→ AIM OF THE TASK: Write out exactly the lines from the one that contains "Close-up of LED" down to the last line of the material below, keeping both ends and omitting pictures.

→ DATA BLOCK:
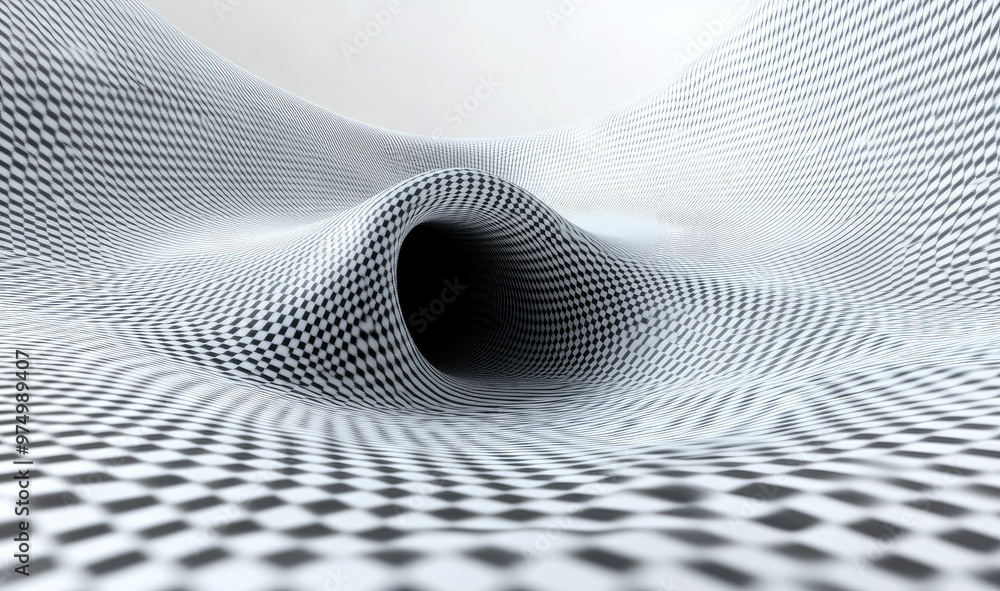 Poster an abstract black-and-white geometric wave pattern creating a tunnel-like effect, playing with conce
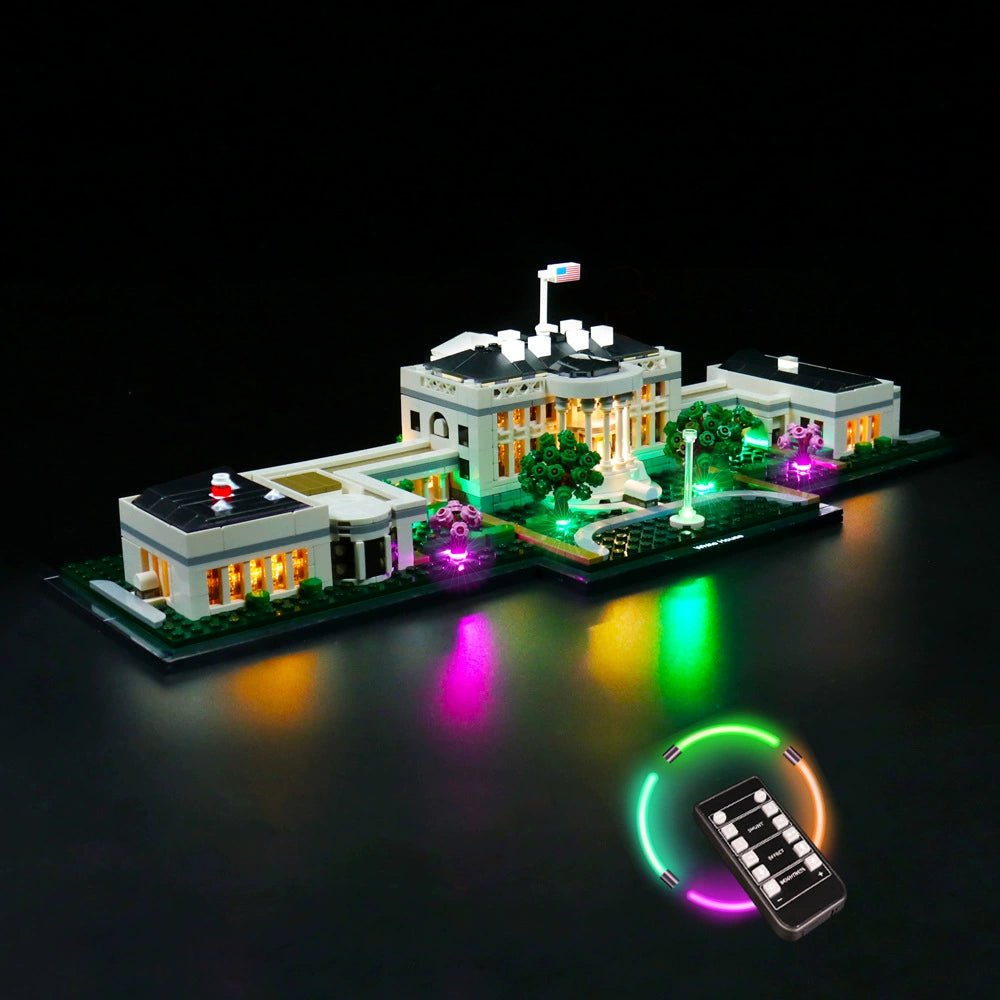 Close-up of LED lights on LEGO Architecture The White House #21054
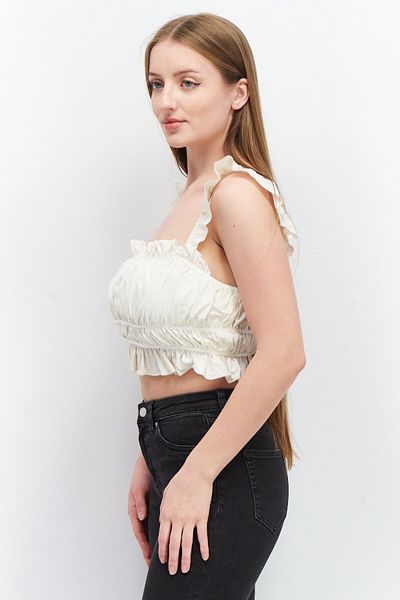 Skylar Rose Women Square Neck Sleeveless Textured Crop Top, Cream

→ TASK RESULT:
 Close-up of LED lights on LEGO Architecture The White House #21054
 Skylar Rose Women Square Neck Sleeveless Textured Crop Top, Cream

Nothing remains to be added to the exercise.